Ames Housing Model
The primary purpose of this project is to develop a regression model that accurately predicts home values for homes at sale in the Ames Iowa Housing area.
This will be looking at linear regression, lasso and ridge models with the goal of getting the Root Mean Squared Error (RMSE) as close to 0 as possible.
Exploratory Data Analysis:
In this case, we're dropping some known outliers that jse.amstat.org, the originators of the dataset, recommend eliminating as true outliers. We'll also drop a few columns based on their correlation to sales price and their level of collinearity.
we're looking at the correlation between each feature and the final sales price, where the closer to 0 the correlation factor, the less it affects the final prince. Unsurprisingly, the two highest correlation features are Overall Quality and Above Ground Living Area. We'll rule out anything less than 0.4 as it has a weak relation. We'll also need to one hot encode several of the categorical columns.
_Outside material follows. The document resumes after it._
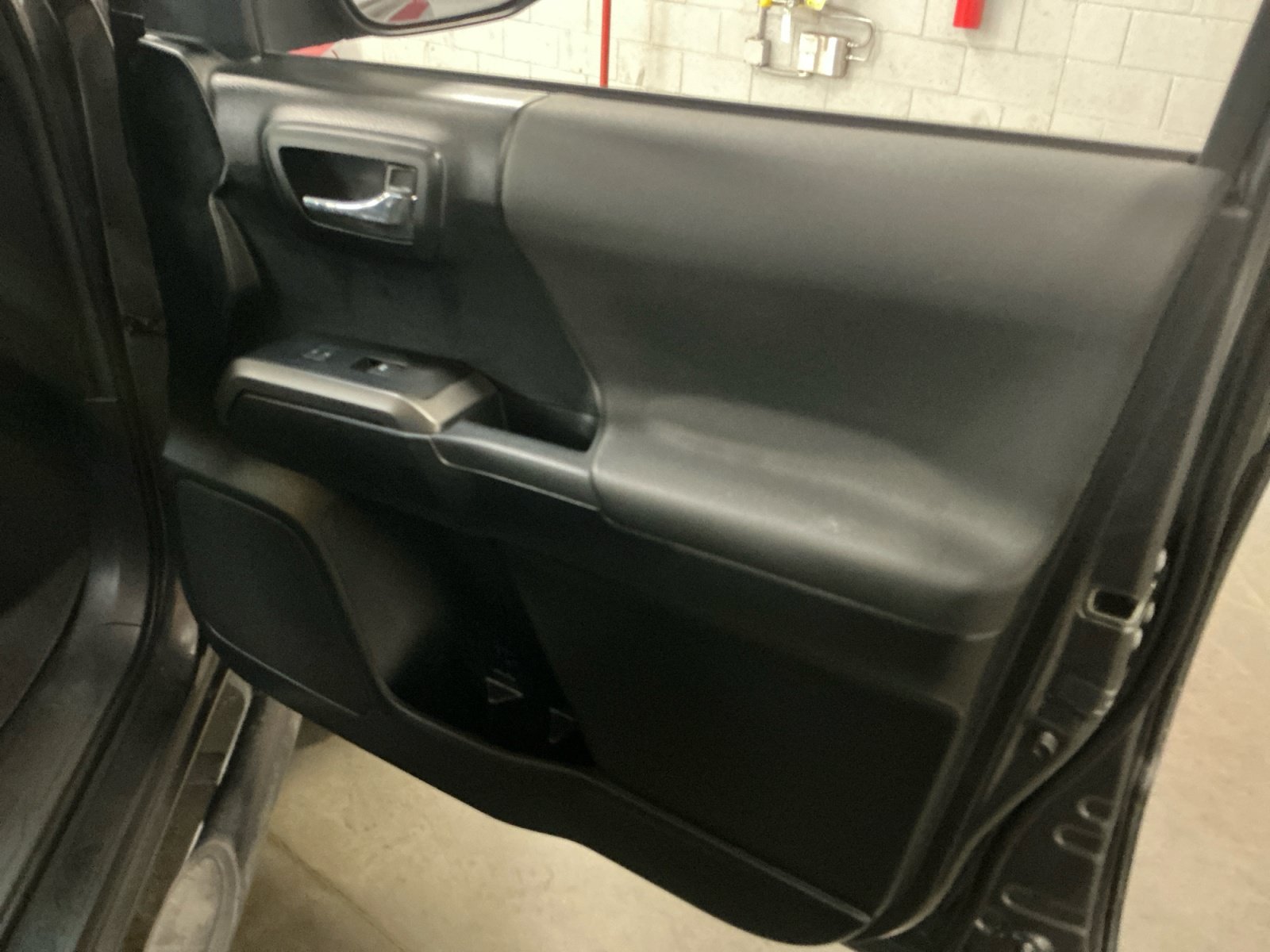 Used 2016 Toyota Tacoma TRD Sport w/ Towing Package RWD image 16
That reduces the number of features we have significantly. We'll also need to fill the empty cells. In this case, we're left with a few columns such as 'garage area' which are currently left blank if there is no garage, so it is reasonable to fill the blanks with 0, for no garage square footage.
We have a cross validated score of 87.6%, meaning that the features we're examining can explain 87.6% of the variation in the sale price. We can see that this changes somewhat depending on whether it's working with data it has examined before (88.7%) compared to data it has not yet seen (85.6%).
While this is promising, I'm more interested in the RMSE- Root Mean Squared Error as this is a bit more of an interpretable metric. For this model our RMSE - $22,942, means that our model can predict a home's value to within $22,942. While this may not be a big deal when looking at homes on the higher end of the scale such as the 500,000 - 600,000 range, it is likely to have a larger effect when examining a home on the lower end of the scale, say priced between 50,000 and 100,000.
There are several different strategies that can be pursued around maximizing sale price of a home and the strategies will differ somewhat depending on the type of stakeholder. The Linear Regression model selected is able to account for 88% of the variability in the home's sale price and is able to predict the value within a 23k dollar range.
For a homeowner looking to make changes to an existing home, the biggest impact to the home sale price would be generated by increasing the overall living area, where, all else being constant, each additional square foot added is expected to increase the home sale price by $138. Barring the ability to add on to the home (due to zoning or space restrictions), the homeowner may want to consider if it is feasible to remove an masonry veneer attached to the home, as the impact of no masonry veneer is greater than the impact of any other option.
We also see that neighborhoods have a strong impact on the sale price of a home.
For an existing homeowner, this isn't as much in their control. When looking to buy, a potential homeowner may want to consider how much of the home price is due to the location.